Your backward views are alerting American voters about GOP extremism on issues of health and privacy

Published February 22, 2012 1:58AM (EST)

Rick Santorum  (AP/Eric Gay)
Rick Santorum (AP/Eric Gay)

OK, it's true: Rick Santorum didn't sponsor Virginia legislation to require that women seeking abortion undergo an ultrasound – and in cases of very early pregnancy, when a fetus is hard to see, a creepy and intrusive transvaginal ultrasound. But seven states have already passed ultrasound requirements for women seeking abortion. The Virginia bill is galvanizing opposition nationally at least partly due to the climate of crazy that's been fomented by Santorum's backward candidacy.

The man who calls contraception "a license to do things in a sexual realm that is counter to how things are supposed to be" went from being a failed Pennsylvania senator, Mr. "Man on Dog," to GOP presidential front-runner over the last month. Now he's crusading against prenatal testing because he claims it encourages abortion (when in fact most prenatal testing helps women help babies who develop in utero health issues) and claiming President Obama's policies will ultimately send Christians to the guillotine. (By the way, I apologize for harping on the way Protestants have persecuted Catholics in the U.S., because Santorum reminded me of some of the reason why, with his charge that mainline Protestant churches are a Satan-sponsored "shambles" that are "gone from the world of Christianity as I see it.") He and Mitt Romney, who's trying to match him outrage for outrage, have been chasing women voters away from the GOP in droves over the last couple of months.

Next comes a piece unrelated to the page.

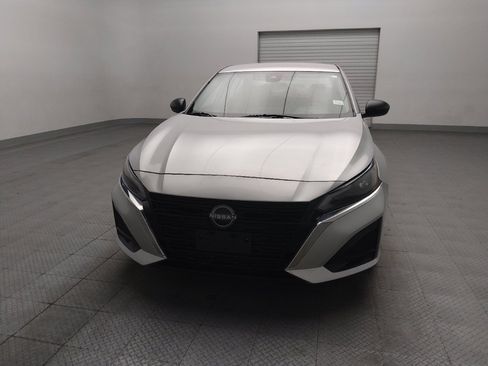 Used 2024 Nissan Altima 2.5 SV FWD image 15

Into that polarizing political climate came the news that Virginia Republicans want to go where no politician of any stripe belongs: up the vaginal canal and into the uteruses of pregnant women who are seeking an abortion. The bill already passed the state Senate, and clearing the House of Delegates seemed a mere formality, especially given that Alabama, Arizona, Florida, Kansas, Louisiana, Mississippi and Texas already have ultrasound requirements. A mere formality, that is, until people began paying attention.

Now, for two days straight, the Virginia House of Delegates has postponed its vote on the bill. More than a thousand protesters lined walkways to the state Capitol to silently protest the bill on Monday, and their powerful statement seemed to still resonate on Tuesday. The bill is expected to pass eventually, but with every day, the national backlash against the measure helps its opponents' chances. On MSNBC's "Politics Nation" Tuesday Virginia delegate Kaye Kory urged the media to keep paying attention. Gov. Bob McDonnell, who supports the bill, is often mentioned as a GOP vice presidential nominee, and his office has emitted a few warning signs of alarm over the last couple of days. As far right as Republicans have lurched, it can't be helpful for McDonnell to find his Virginia GOP accused of supporting state-sanctioned rape for forcing unwilling women to submit to vaginal penetration in order to exercise their legal right to an abortion.

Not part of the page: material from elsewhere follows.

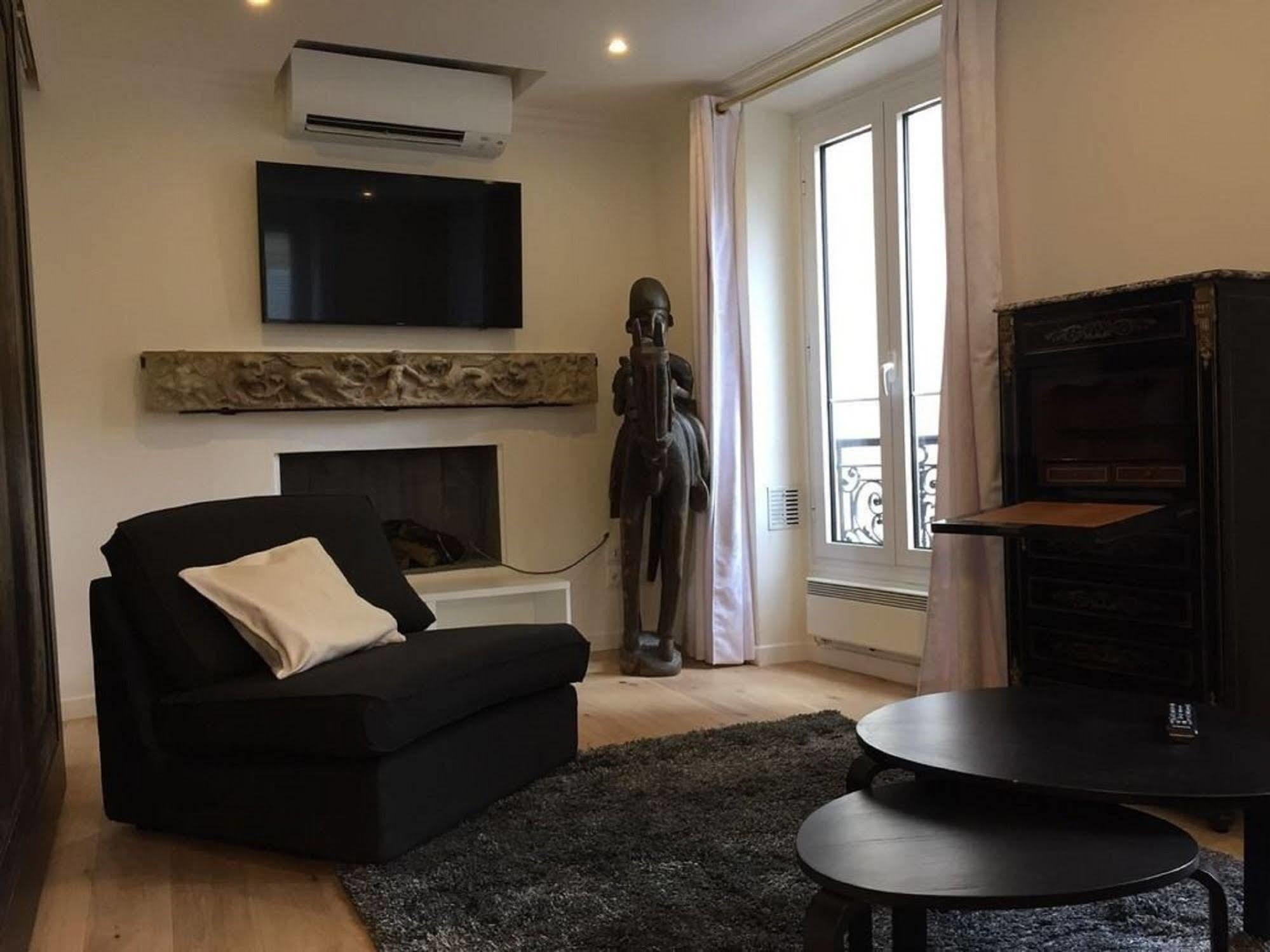 Bellechasse Apartments *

Of course, the Virginia GOP still has its fervent defenders. CNN commentator Dana Loesch outdid herself (and that takes a lot) by suggesting that women had implicitly consented to such a procedure when they consented to vaginal penetration during sex. Wait. Let me make sure I'm not misinterpreting her. Here's what she said: "Progressives are trying to say, that it's rape and so on and so forth ... They had no problem having similar to a trans-vaginal procedure when they engaged in the act that resulted in their pregnancy." If that sounds like crazy talk – and it is -- a Virginia Republican who supports the procedure said much the same thing, telling a Democratic colleague that women had already consented to being "vaginally penetrated when they got pregnant," according to Slate's Dahlia Lithwick. I hope Virginia Republican women will ask their male partners whether they believe consenting to sex represents consenting to state-sponsored vaginal penetration as well. I know, it might be a mood-killer, but it's a good thing to find out.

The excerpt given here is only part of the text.